1) It's a hand-wavy way to consider the dy and the dx as separate symbols. In college students are taught that dy/dx is not merely a fraction in the usual sense, but a notation for a concept of differentiation. But then later on they are shown some slick notational abuses/shoftcuts (eg. implicit differentiation) involving "separation" of those symbols. Because it helps solve some examples.

2) Because we're using 1D input mode.

3) There are an untold number of things one can do with maple and a full programming language. The hard-coded palettes and context-menus can only ever be a small portion of that. (Consider, the palettes have no add, just sum, as one trivial case.) you've asked for something nonstandard, so we're pushing the limits.
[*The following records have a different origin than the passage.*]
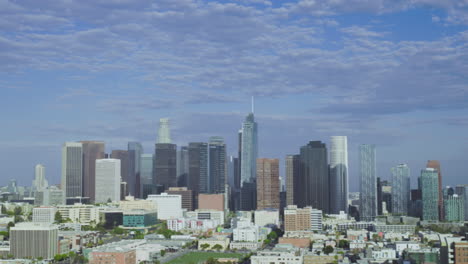 Aerial-panning-view-of-skyscrapers-in-Los-Angeles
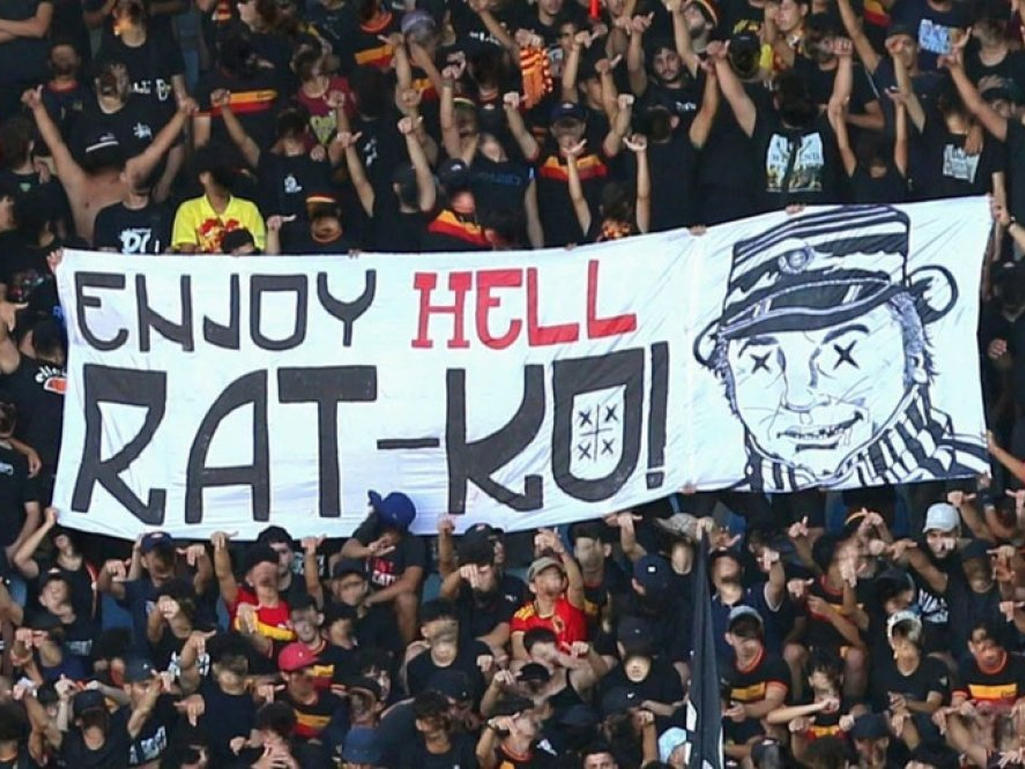 Alžirski navijači o zločincu Mladiću: "Štakor je mrtav"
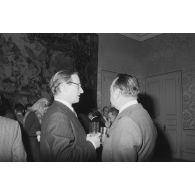 Robert Galley, ministre des Armées, donne un cocktail en l'honneur des journalistes spécialisés ayant participé au voyage en Polynésie française, et reçoit leurs voeux dans les salons de l'hôtel de Brienne.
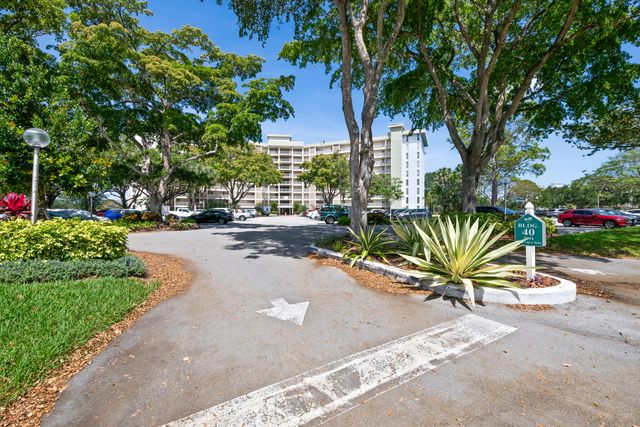 3051 N Course Drive 211, Pompano Beach, FL 33069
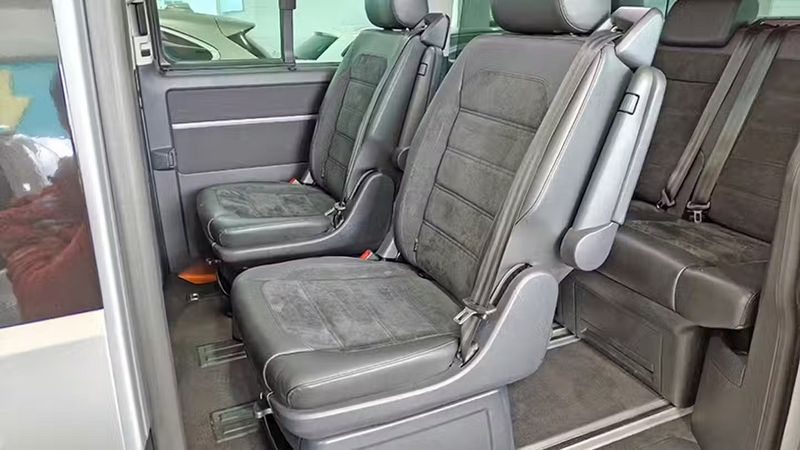 Volkswagen Multivan • 2019 • 81,781 km 12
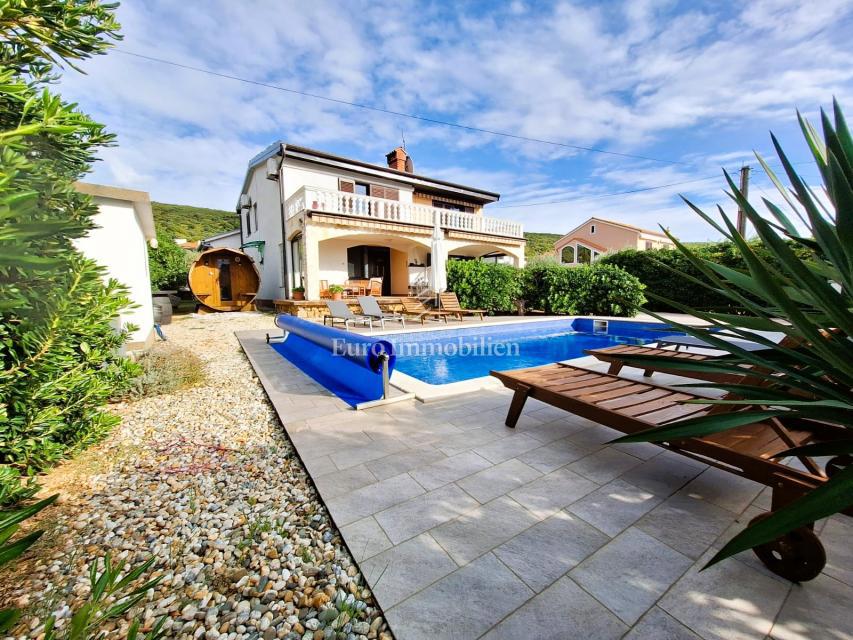 Punat, samostojna hiša z bazenom na dobri lokaciji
You wrote that you followed Joe's way, but really you did a mix. You used diff(F(x),x) while Joe deliberately used just the plain ol' fraction dy/dx where the dy and the dx were no special calculus notation (except in our minds' eye).

As shown in my attempt, the `assume positive` can be replaced with `assume x[1]>0 and x[2]>x[1]`. But in order for the RHS (when containing that proper `diff` you and I both used) to integrate Maple likes know that the integrand is continuous. Unfortunately, the 2D input form does not allow the use of extra options to the `int` command. So you might be stuck with the text form int(...,continuous) for the RHS, although the bit inside that could still be in 2D form.